Another feature of InfluxDB is the separation of attributes into:

  • fields: which are intended to hold variable data (data that is likely to be different in each row, such as a temperature reading from a sensor); and
  • tags: which are intended to hold metadata (data that is unlikely to be different in each row, such as the name of the sensor).

InfluxDB has configurable aggregation and retention policies allowing measurement resolution reduction, storing all added data points for recent data and only aggregated values for older data.

References

Note:

  • IOTstack uses the influxdb:1.8 image. Substituting the :latest tag will get you InfluxDB version 2 and will create a mess.

Configuration

All InfluxDB settings can be applied using environment variables. Environment variables override any settings in the InfluxDB configuration file:

  • Under "new menu" (master branch), environment variables are stored inline in

    ~IOTstack/docker-compose.yml
    
  • Under "old menu", environment variables are stored in:

    ~/IOTstack/services/influxdb/influxdb.env
    

Whenever you change an environment variable, you activate it like this:

$ cd ~/IOTstack
$ docker-compose up -d influxdb

The default service definition provided with IOTstack exposes the following environment variables:

  • TZ=Etc/UTC set this to your local timezone. Do not use quote marks!
  • INFLUXDB_HTTP_FLUX_ENABLED=false set this true if you wish to use Flux queries rather than InfluxQL:

    At the time of writing, Grafana queries use InfluxQL.
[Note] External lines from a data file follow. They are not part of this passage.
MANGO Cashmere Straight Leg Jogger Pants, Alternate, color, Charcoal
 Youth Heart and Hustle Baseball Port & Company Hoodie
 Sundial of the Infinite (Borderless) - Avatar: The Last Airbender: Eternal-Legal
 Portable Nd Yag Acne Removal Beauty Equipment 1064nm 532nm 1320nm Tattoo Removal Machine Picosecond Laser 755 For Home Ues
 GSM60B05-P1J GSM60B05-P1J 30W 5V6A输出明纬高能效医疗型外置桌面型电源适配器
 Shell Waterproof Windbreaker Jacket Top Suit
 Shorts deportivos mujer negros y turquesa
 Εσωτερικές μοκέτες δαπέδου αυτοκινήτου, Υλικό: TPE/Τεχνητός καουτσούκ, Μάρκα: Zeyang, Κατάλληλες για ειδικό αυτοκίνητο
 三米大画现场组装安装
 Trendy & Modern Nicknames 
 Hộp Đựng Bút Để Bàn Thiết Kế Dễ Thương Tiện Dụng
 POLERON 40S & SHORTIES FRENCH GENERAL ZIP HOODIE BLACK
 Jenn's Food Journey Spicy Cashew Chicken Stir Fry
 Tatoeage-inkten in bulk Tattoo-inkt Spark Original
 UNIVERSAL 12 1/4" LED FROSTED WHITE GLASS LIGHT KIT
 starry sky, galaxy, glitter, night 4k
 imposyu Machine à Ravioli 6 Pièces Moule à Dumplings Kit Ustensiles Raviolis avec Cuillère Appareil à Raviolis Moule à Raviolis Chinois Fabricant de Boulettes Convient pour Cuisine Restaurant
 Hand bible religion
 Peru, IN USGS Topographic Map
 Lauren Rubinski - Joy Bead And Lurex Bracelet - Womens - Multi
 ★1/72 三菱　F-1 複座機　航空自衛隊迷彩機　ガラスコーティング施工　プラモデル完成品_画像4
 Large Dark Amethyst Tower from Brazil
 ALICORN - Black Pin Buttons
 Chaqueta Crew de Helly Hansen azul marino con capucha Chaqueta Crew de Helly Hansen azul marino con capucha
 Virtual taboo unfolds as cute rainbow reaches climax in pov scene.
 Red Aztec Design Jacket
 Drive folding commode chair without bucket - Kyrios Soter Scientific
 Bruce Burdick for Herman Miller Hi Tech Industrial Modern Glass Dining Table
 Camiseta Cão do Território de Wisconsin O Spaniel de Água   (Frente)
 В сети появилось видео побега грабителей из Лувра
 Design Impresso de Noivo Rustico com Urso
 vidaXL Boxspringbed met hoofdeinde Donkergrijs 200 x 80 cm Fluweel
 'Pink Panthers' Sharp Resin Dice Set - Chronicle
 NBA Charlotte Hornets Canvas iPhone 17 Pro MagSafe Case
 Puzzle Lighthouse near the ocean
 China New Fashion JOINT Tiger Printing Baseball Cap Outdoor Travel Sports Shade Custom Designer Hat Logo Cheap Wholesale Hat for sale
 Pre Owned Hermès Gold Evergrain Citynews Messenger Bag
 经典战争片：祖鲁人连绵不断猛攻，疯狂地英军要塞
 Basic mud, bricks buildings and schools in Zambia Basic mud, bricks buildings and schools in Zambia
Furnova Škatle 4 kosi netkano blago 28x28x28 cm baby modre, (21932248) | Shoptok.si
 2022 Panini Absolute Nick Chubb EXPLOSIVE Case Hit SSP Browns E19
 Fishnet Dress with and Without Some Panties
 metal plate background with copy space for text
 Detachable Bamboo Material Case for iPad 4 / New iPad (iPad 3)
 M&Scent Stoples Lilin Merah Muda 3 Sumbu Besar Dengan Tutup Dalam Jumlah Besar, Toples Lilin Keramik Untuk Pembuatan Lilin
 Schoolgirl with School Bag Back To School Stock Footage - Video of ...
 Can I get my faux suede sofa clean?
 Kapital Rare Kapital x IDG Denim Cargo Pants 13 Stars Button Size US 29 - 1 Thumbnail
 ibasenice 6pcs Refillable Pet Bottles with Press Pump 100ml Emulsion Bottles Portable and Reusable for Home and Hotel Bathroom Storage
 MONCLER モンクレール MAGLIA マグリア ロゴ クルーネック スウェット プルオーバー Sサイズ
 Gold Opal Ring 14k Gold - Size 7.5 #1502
  • INFLUXDB_REPORTING_DISABLED=false InfluxDB activates phone-home reporting by default. This variable disables it for IOTstack. You can activate it if you want your InfluxDB instance to send reports to the InfluxDB developers.

  • INFLUXDB_MONITOR_STORE_ENABLED=FALSE disables automatic creation of the _internal database. This database stores metrics about InfluxDB itself. The database is incredibly busy. Side-effects of enabling this feature include increased wear and tear on SD cards and, occasionally, driving CPU utilisation through the roof and generally making your IOTstack unstable.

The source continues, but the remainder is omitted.